En pratique, cette approche répond à une tension bien connue des équipes data : multiplier les usages sans multiplier les copies ni diluer la responsabilité. En favorisant l’accès aux mêmes données gouvernées depuis des environnements analytiques, bureautiques ou applicatifs, Qlik cherche à éviter que la plateforme ne devienne un point de passage obligé, tout en restant la référence en matière de qualité et de conformité.
Préparer l’interface décisionnelle de demain
L’introduction d’une expérience agentique via Qlik Answers et l’annonce d’une ouverture à des assistants tiers grâce au Model Context Protocol prolongent cette logique. Il ne s’agit pas d’ajouter une couche conversationnelle décorative, mais de proposer un point d’entrée capable de relier données structurées, documents non structurés et raisonnement analytique, avec des citations et une explicabilité systématiques.

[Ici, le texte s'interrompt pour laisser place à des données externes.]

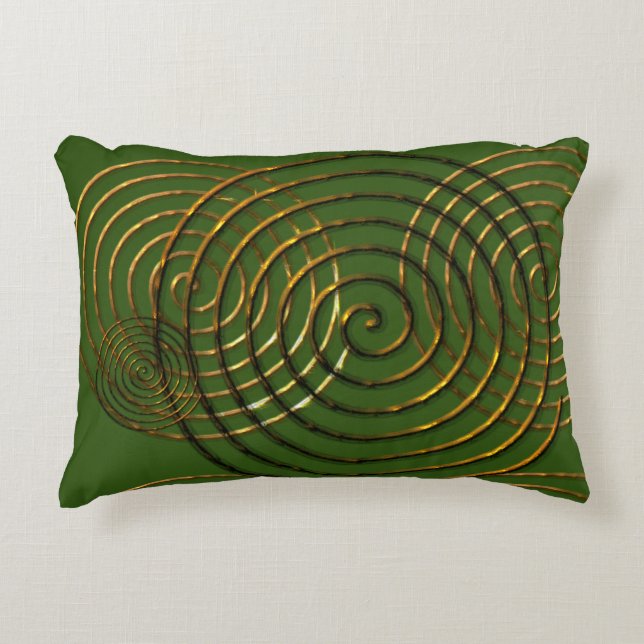 Spiral Celtic symbol gold metallic Throw Pillow (Front)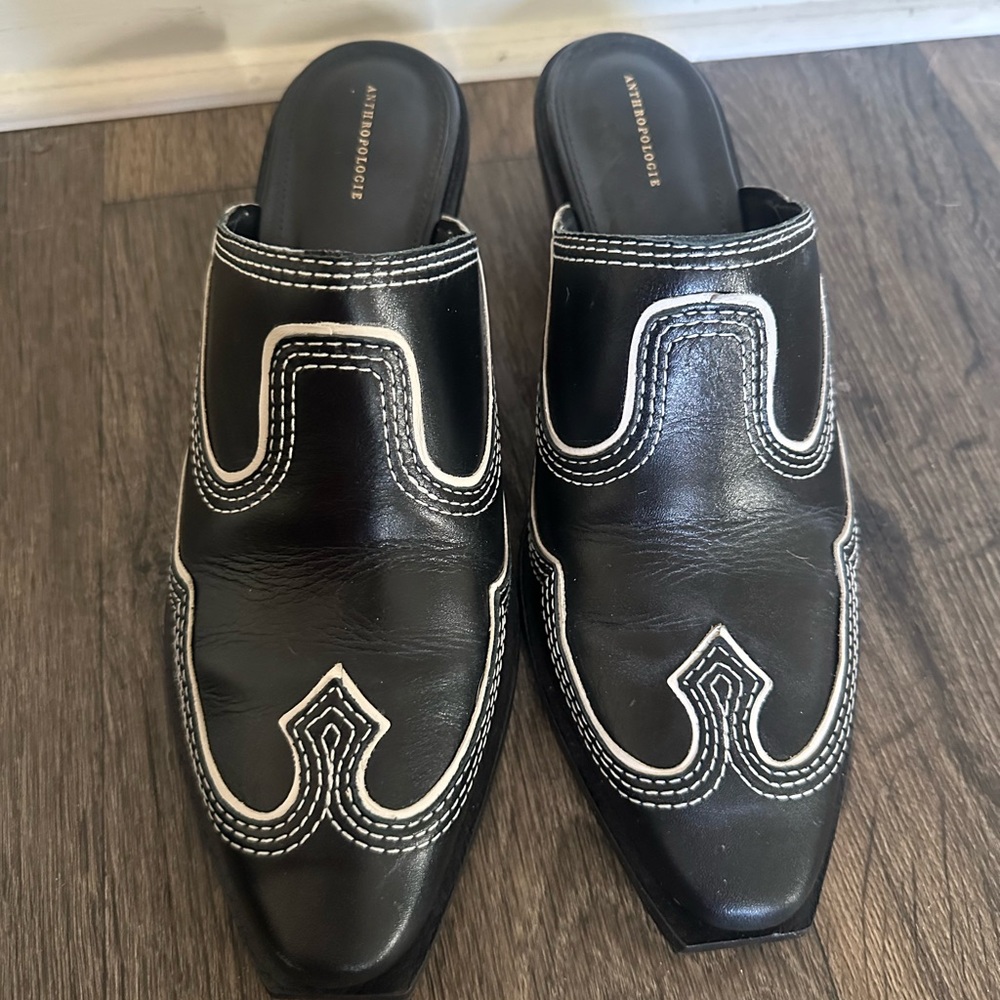 Anthropologie Black and White Embroidered Mules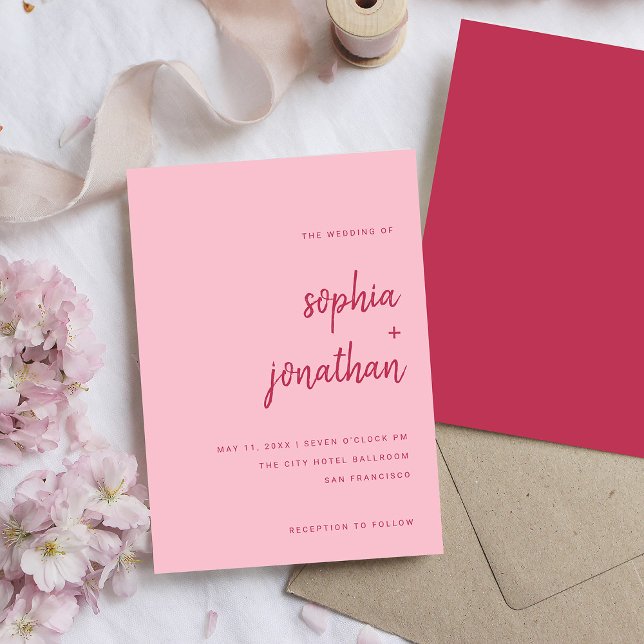 Modern Minimalist Script Magenta and Pink Wedding Invitation (Creator Uploaded)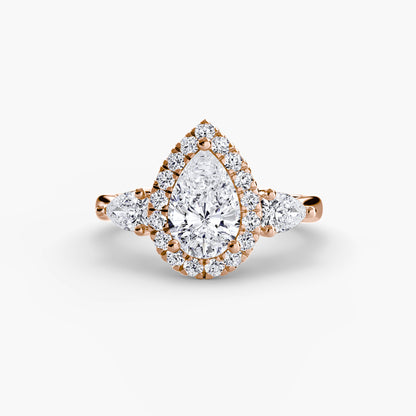 Marigold Three-Stone Ring with Halo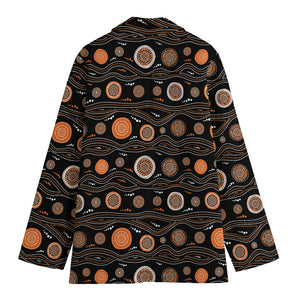 White And Orange Aboriginal Dot Print Women's Blazer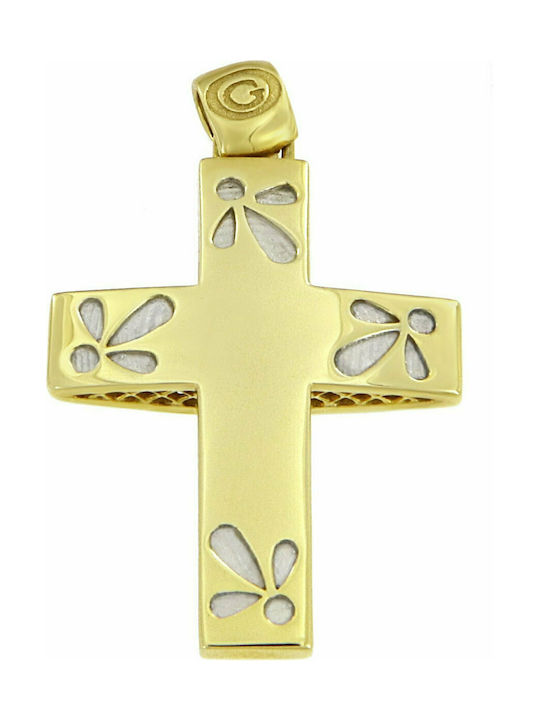 Mertzios.gr Gold Kreuz 14K Beidseitig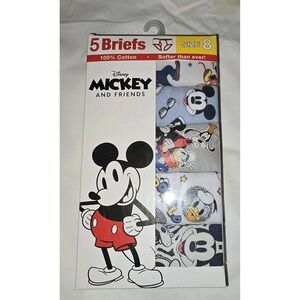 Disney Mickey & Friends Boys 5 Pack 100% Cotton Briefs Size 8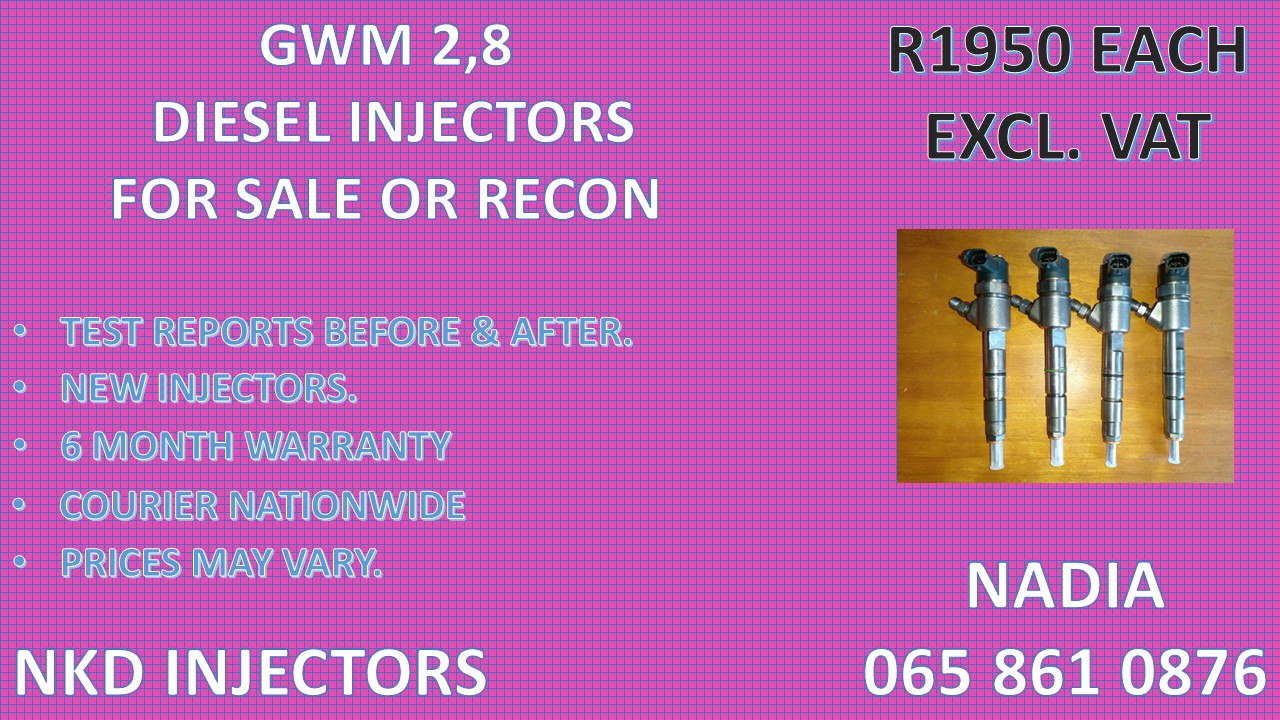 DIESEL INJECTORS FOR SALE GWM 2.8 - RELAIBLE - Private Seller DIESEL INJECTORS FOR SALE GWM 2.8 - RELAIBLE - Private Seller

Là encore, la prudence domine le discours. Qlik positionne cette interface comme un moyen de structurer les interactions avec la donnée, non comme un substitut aux processus existants. L’agent devient un facilitateur de lecture et d’action, adossé à des moteurs analytiques éprouvés, dans une logique de continuité plutôt que de rupture.
Une trajectoire assumée vers la donnée agissante
Pris dans leur ensemble, ces annonces traduisent une évolution cohérente : Qlik prépare sa plateforme à un monde où la donnée ne se contente plus d’éclairer les décisions, mais participe directement à leur mise en œuvre. Le temps réel n’y est pas présenté comme une obligation immédiate, mais comme un horizon technique prêt à être mobilisé lorsque les usages le justifieront.
Pour les entreprises, l’enjeu n’est pas de courir après la vitesse, mais de réduire les frictions entre analyse, arbitrage et exécution. En articulant analytique prédictive, ingestion en flux, gouvernance persistante et interfaces orientées action, Qlik cherche à occuper cet espace encore largement ouvert : celui d’une plateforme de données capable d’agir, sans perdre la maîtrise.